REQUIRED WORK » Copy out the complete listing, word for word.

+ + + + +

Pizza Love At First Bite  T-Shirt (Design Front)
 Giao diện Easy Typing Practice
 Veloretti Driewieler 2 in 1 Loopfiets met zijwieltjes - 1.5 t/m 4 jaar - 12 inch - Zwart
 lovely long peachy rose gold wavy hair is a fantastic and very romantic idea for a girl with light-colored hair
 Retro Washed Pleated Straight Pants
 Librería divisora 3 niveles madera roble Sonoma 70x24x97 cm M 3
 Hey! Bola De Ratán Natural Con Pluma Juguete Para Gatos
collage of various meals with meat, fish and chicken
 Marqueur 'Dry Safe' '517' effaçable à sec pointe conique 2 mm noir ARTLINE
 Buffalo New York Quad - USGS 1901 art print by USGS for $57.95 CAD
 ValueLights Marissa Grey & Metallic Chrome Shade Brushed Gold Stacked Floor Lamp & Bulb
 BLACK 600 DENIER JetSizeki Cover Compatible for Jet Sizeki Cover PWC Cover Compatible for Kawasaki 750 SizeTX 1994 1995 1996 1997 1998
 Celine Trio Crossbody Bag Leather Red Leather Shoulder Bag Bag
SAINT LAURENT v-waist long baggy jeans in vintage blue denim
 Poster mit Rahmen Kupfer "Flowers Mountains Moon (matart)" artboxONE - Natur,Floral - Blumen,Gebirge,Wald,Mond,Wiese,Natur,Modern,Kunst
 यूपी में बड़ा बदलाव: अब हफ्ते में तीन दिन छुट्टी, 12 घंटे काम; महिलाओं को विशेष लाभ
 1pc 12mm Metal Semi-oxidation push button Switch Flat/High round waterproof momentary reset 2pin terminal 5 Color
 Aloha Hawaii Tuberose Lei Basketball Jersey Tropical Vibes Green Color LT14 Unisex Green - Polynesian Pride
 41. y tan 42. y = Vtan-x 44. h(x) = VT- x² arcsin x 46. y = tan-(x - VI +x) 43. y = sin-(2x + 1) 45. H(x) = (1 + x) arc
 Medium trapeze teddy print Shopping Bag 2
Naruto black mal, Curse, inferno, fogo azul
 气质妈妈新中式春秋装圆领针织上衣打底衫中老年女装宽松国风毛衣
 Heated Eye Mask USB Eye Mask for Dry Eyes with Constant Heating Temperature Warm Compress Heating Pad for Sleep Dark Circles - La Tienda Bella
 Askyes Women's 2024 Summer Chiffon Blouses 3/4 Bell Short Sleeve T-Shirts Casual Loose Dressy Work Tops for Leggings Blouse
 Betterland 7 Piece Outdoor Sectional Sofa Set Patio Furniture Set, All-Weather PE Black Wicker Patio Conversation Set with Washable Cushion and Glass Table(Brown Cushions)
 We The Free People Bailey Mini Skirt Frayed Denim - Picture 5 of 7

+ + + + +

WRITTEN ANSWER »
Pizza Love At First Bite  T-Shirt (Design Front)
 Giao diện Easy Typing Practice
 Veloretti Driewieler 2 in 1 Loopfiets met zijwieltjes - 1.5 t/m 4 jaar - 12 inch - Zwart
 lovely long peachy rose gold wavy hair is a fantastic and very romantic idea for a girl with light-colored hair
 Retro Washed Pleated Straight Pants
 Librería divisora 3 niveles madera roble Sonoma 70x24x97 cm M 3
 Hey! Bola De Ratán Natural Con Pluma Juguete Para Gatos
collage of various meals with meat, fish and chicken
 Marqueur 'Dry Safe' '517' effaçable à sec pointe conique 2 mm noir ARTLINE
 Buffalo New York Quad - USGS 1901 art print by USGS for $57.95 CAD
 ValueLights Marissa Grey & Metallic Chrome Shade Brushed Gold Stacked Floor Lamp & Bulb
 BLACK 600 DENIER JetSizeki Cover Compatible for Jet Sizeki Cover PWC Cover Compatible for Kawasaki 750 SizeTX 1994 1995 1996 1997 1998
 Celine Trio Crossbody Bag Leather Red Leather Shoulder Bag Bag
SAINT LAURENT v-waist long baggy jeans in vintage blue denim
 Poster mit Rahmen Kupfer "Flowers Mountains Moon (matart)" artboxONE - Natur,Floral - Blumen,Gebirge,Wald,Mond,Wiese,Natur,Modern,Kunst
 यूपी में बड़ा बदलाव: अब हफ्ते में तीन दिन छुट्टी, 12 घंटे काम; महिलाओं को विशेष लाभ
 1pc 12mm Metal Semi-oxidation push button Switch Flat/High round waterproof momentary reset 2pin terminal 5 Color
 Aloha Hawaii Tuberose Lei Basketball Jersey Tropical Vibes Green Color LT14 Unisex Green - Polynesian Pride
 41. y tan 42. y = Vtan-x 44. h(x) = VT- x² arcsin x 46. y = tan-(x - VI +x) 43. y = sin-(2x + 1) 45. H(x) = (1 + x) arc
 Medium trapeze teddy print Shopping Bag 2
Naruto black mal, Curse, inferno, fogo azul
 气质妈妈新中式春秋装圆领针织上衣打底衫中老年女装宽松国风毛衣
 Heated Eye Mask USB Eye Mask for Dry Eyes with Constant Heating Temperature Warm Compress Heating Pad for Sleep Dark Circles - La Tienda Bella
 Askyes Women's 2024 Summer Chiffon Blouses 3/4 Bell Short Sleeve T-Shirts Casual Loose Dressy Work Tops for Leggings Blouse
 Betterland 7 Piece Outdoor Sectional Sofa Set Patio Furniture Set, All-Weather PE Black Wicker Patio Conversation Set with Washable Cushion and Glass Table(Brown Cushions)
 We The Free People Bailey Mini Skirt Frayed Denim - Picture 5 of 7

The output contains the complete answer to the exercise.